What I have been noticing is a big 'animal welfare' issue surfacing during the last few years and this has begun targeting aquariums and other zoological collections. Of course, Cretaquarium only has fishes and invertebrates (and the odd rehabilitating turtle).
Anyway these are my immediate thoughts after this visit:
- Fishes do feel pain. Big fishes probably may suffer in pens. Perhaps their world is poorer in a tank. Most people can't tell. But I think there is a cause for this localized suffering. When humans see fish - alive and real - they sympathize with these species. If humans begin to understand, they will provide policy and actions for conservation. Humans need to fight for fishes - so they need to know them to do so.

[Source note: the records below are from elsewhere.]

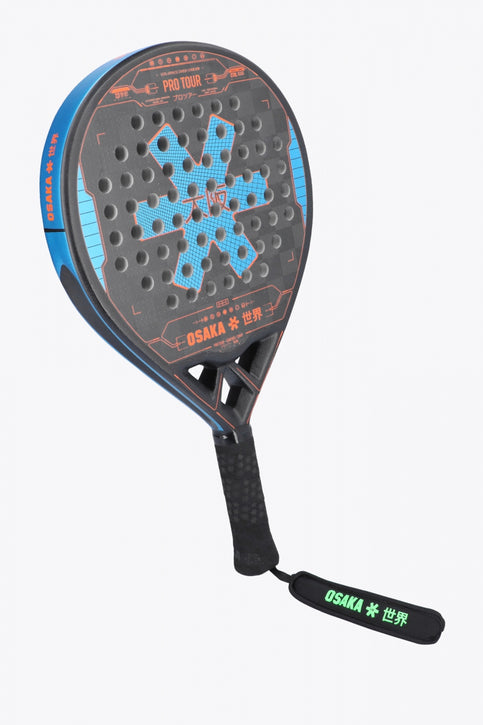 Osaka pro tour padel racket orange and black with logo in blue. Front view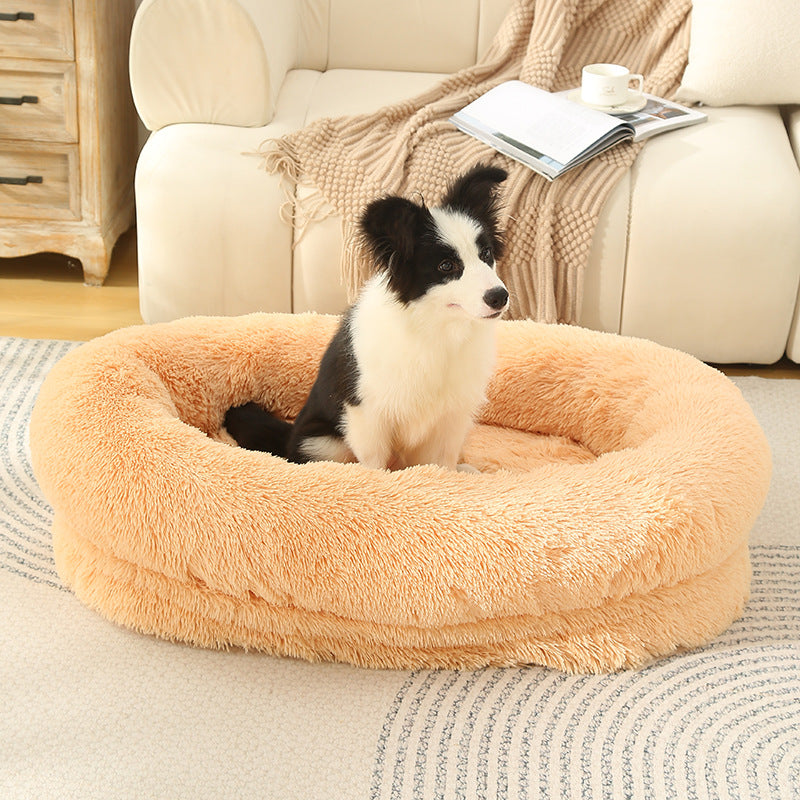 Fluffy Donut-Shaped Pet Bed- Soft, Cozy, and Anti-Anxiety for Dogs and Cats, Machine Washable Apricot Size:L 90*65*20cm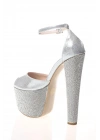Kadın Gümüş  Taşlarla Bezenmiş Yüksek Platform ve Yüksek Topuklu Arkası Kapalı  Şık Abiye Ayakkabı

- Fishes are of critical conservation importance and they are especially difficult for people to care for. So I think this justifies captivity in good local-knowledge aquariums. Aquariums help illuminate and sensitize. They also bring out the living character of fishes. (See the grouper's faces in the photos below).
- Some large-sized fishes - in the pics below you may distinguish sharks, rays, meagres...these are impossible for people to appreciate because these fish are now amazingly scarce in the wild. So people see a vanishing heritage in an aquarium.
- You need to experience to "feel" deeply. If you don't feel you cannot love and what you cannot love, you cannot sacrifice for. We need a new generation of nerds and hippies working for conservation. These people are sometimes "born" in aquariums. Nature-lovers and environmentalists "become" when they are affected by scenes in-nature. Aquariums bring them close to the nature of fishes. So close, something clicks....
- Zoological collections are threatened by animal rights perspectives. Animals have rights. Humans have obligations towards them. But its a messy world. (Ugly, and stinking too). So to make it better we need to have real empathy and deeper appreciation. We also have to evaluate the "awareness work" aquariums are doing.
- The fields of conservation psychology and environmental ethics deal with the above issues I am presenting today. Read more on this.
Finally, I believe that fishes are part of human culture and part of a wonderful nature aesthetic that humans must learn to value more. So taking pics of captive fishes (even snap-shots like I do) can convey this innate and deep beauty. At aquariums sometimes you can fall in love...with a fish!
I spent just 15 minutes watching/photographing the fish in the aquarium today - I met with a couple of neat scientist-friends there; I took a walk on the beach next to the Aquarium. Made me happy.